_Assignment_
Retype exactly the span of lines below from the one with "Red-necked Grebe - ML615679725" through the one with "pear, pears, fruit, white, food, nobody, studio, healthy, fruity". Do not include pictures.

_Extracted material_
----

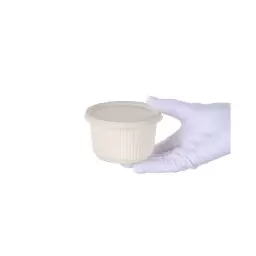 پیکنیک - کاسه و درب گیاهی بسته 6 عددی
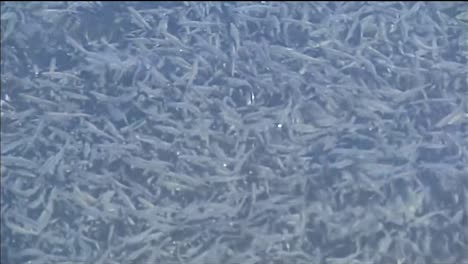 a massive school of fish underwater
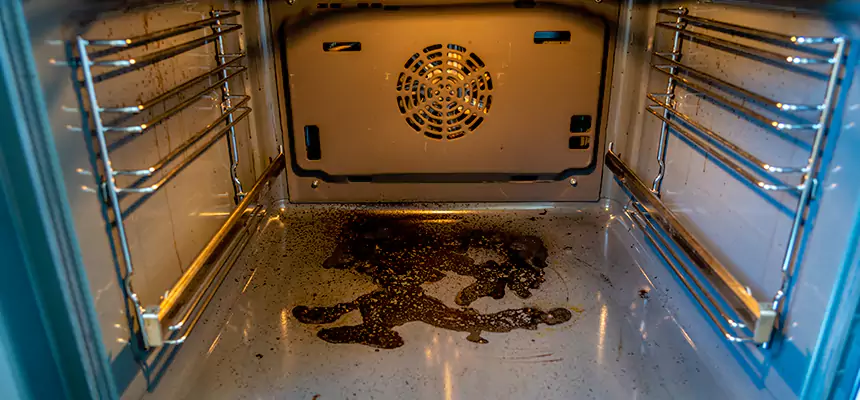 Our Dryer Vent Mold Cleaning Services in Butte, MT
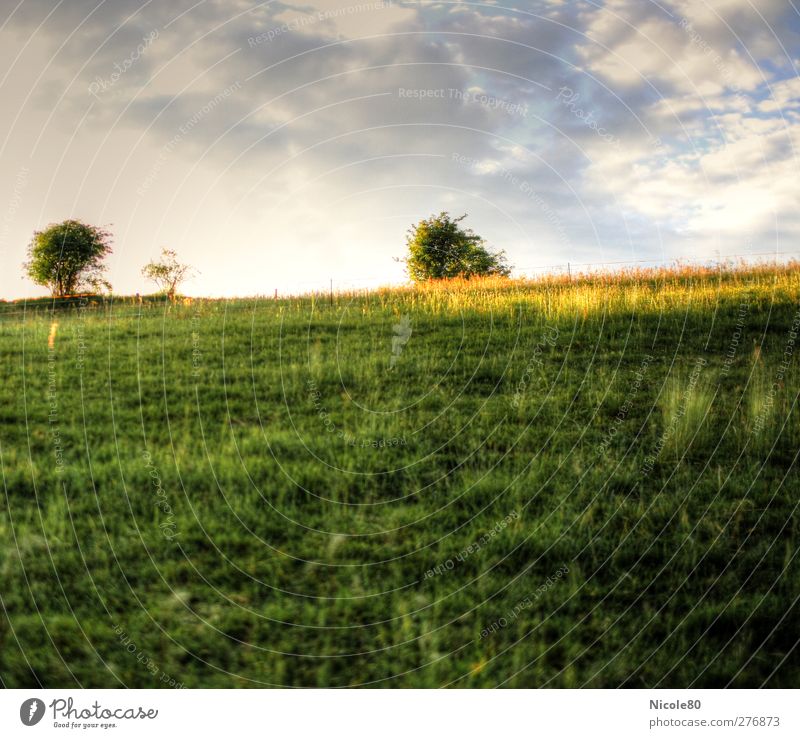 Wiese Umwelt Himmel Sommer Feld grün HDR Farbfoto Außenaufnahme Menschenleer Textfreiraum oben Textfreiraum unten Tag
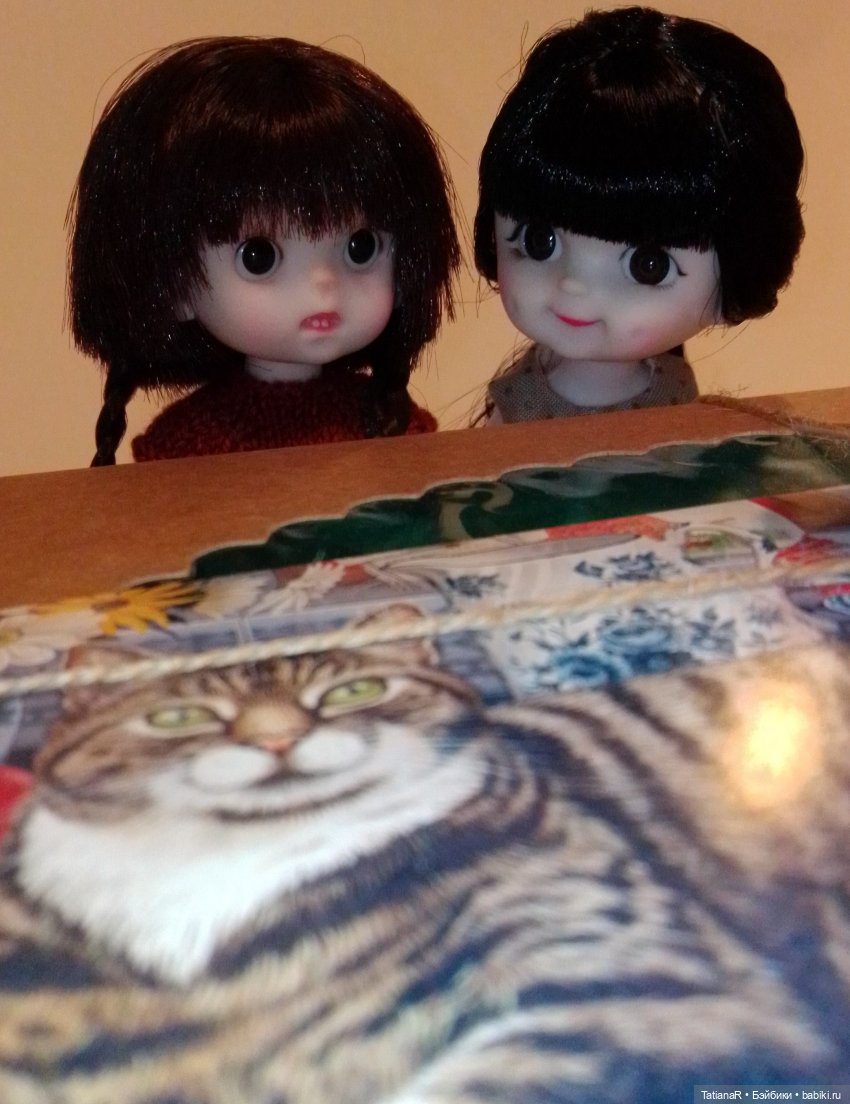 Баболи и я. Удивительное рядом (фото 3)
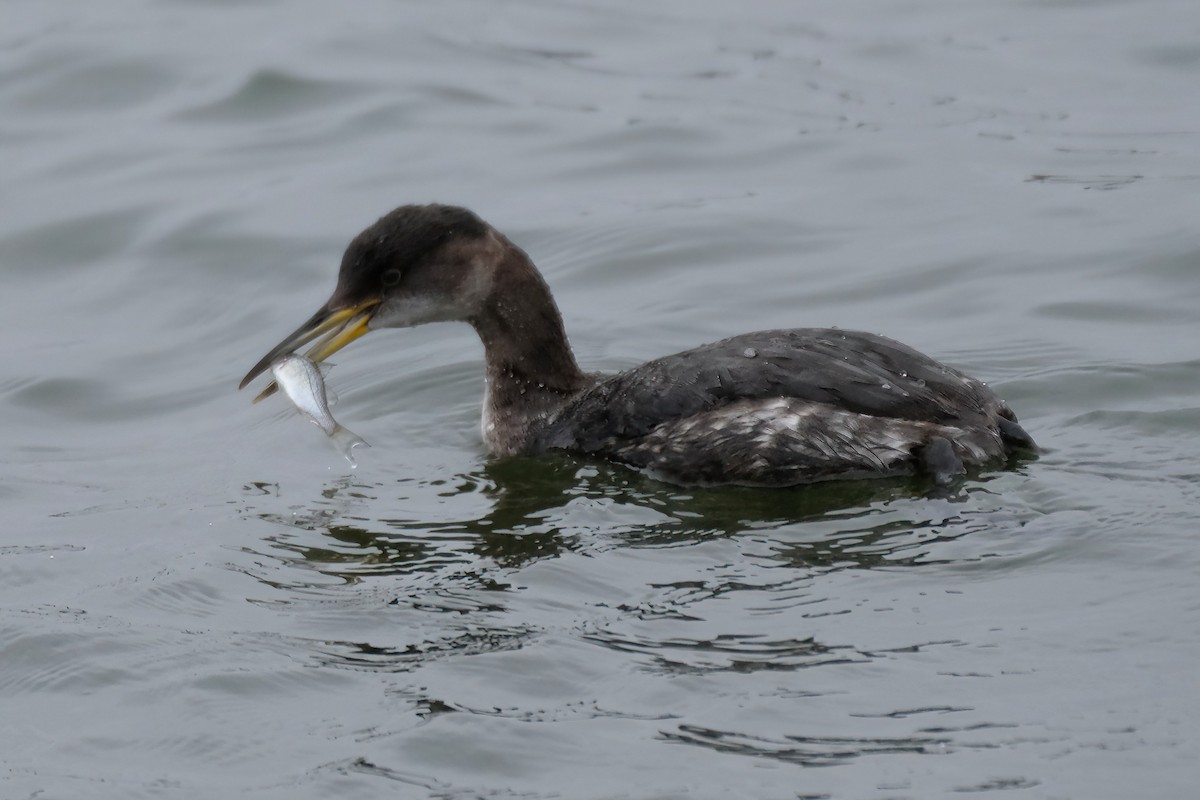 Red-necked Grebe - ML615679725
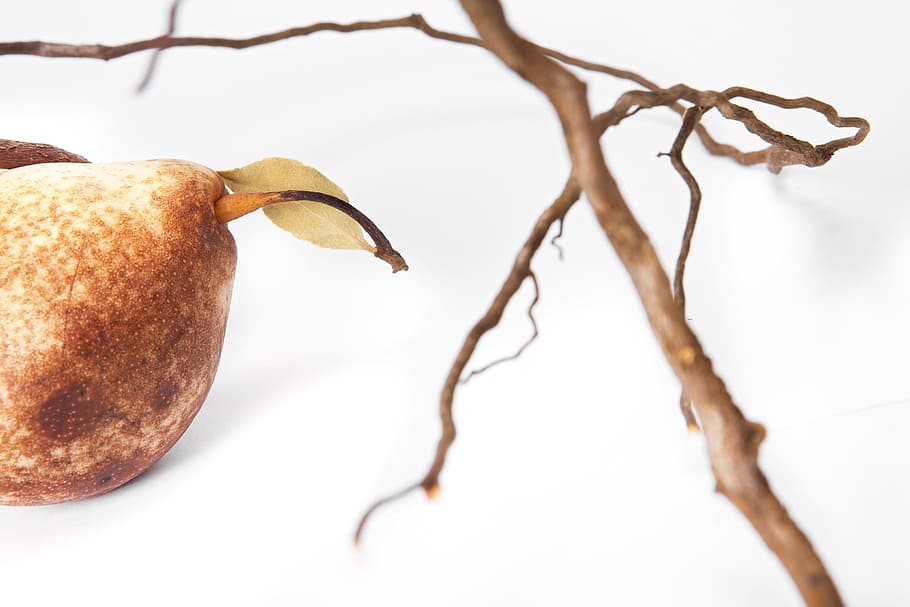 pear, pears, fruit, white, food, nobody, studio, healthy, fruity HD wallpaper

----

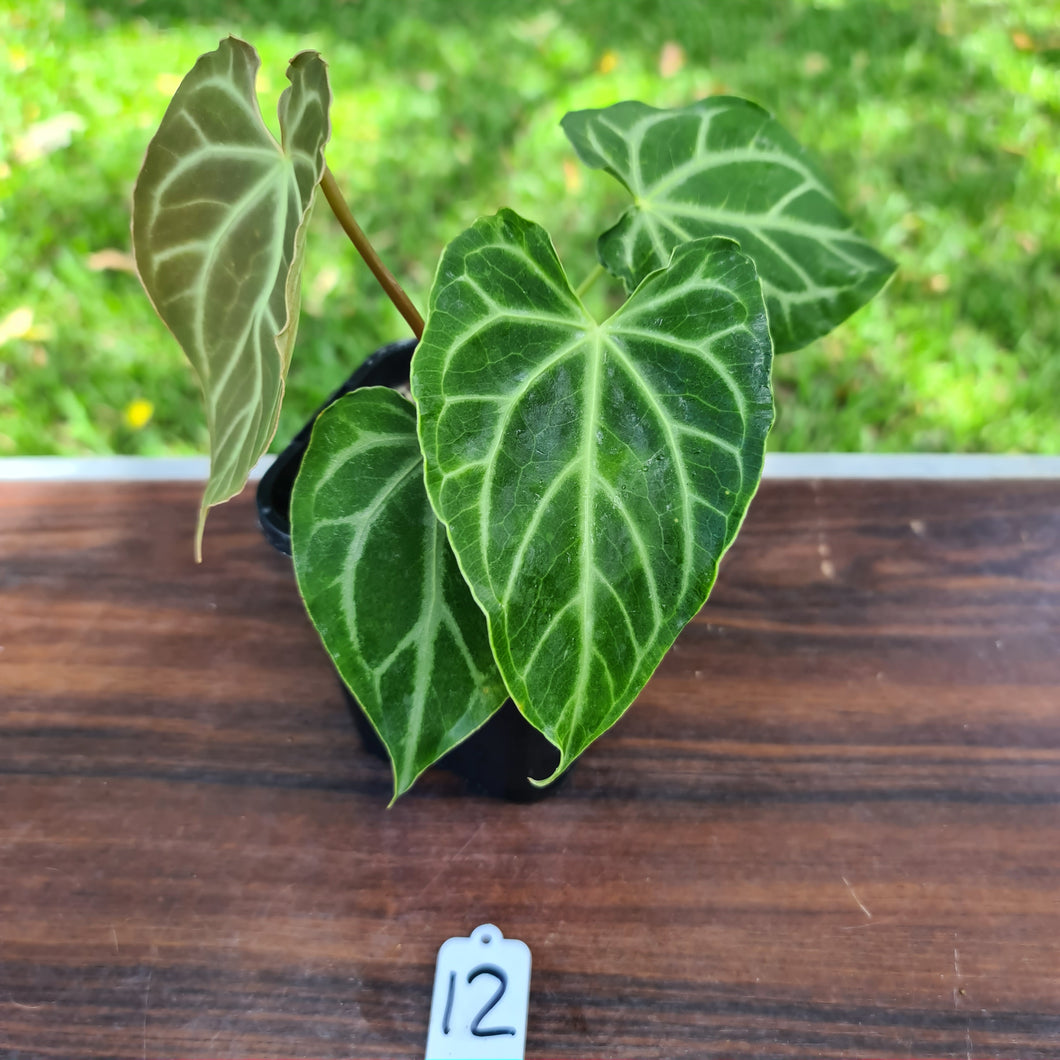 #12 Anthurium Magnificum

----

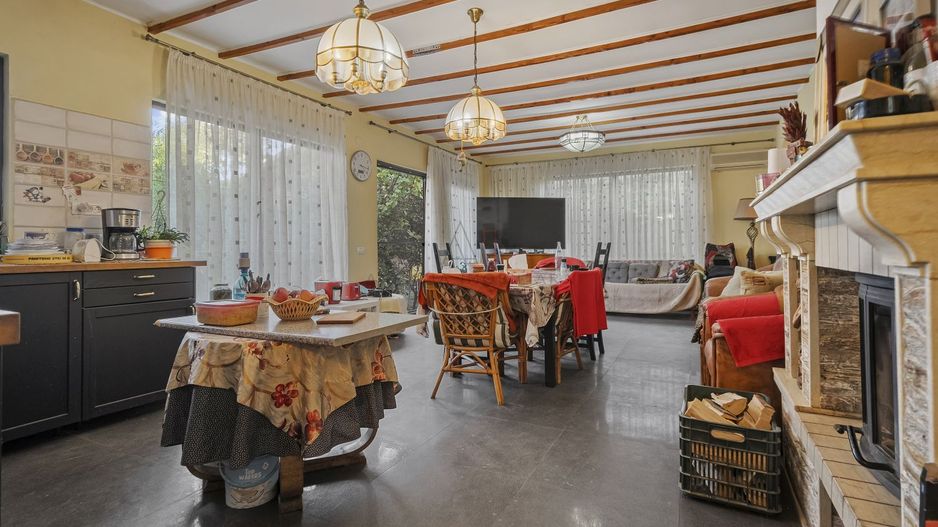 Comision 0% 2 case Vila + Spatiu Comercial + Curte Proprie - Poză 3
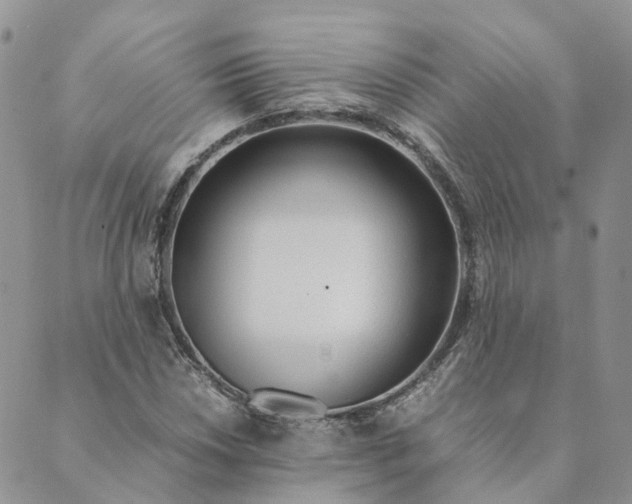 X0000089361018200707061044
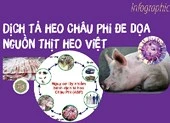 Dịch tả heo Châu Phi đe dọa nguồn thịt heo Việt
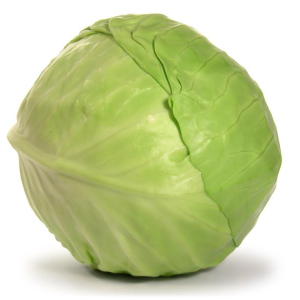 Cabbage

----

_Exercise answer_
 Red-necked Grebe - ML615679725
 pear, pears, fruit, white, food, nobody, studio, healthy, fruity HD wallpaper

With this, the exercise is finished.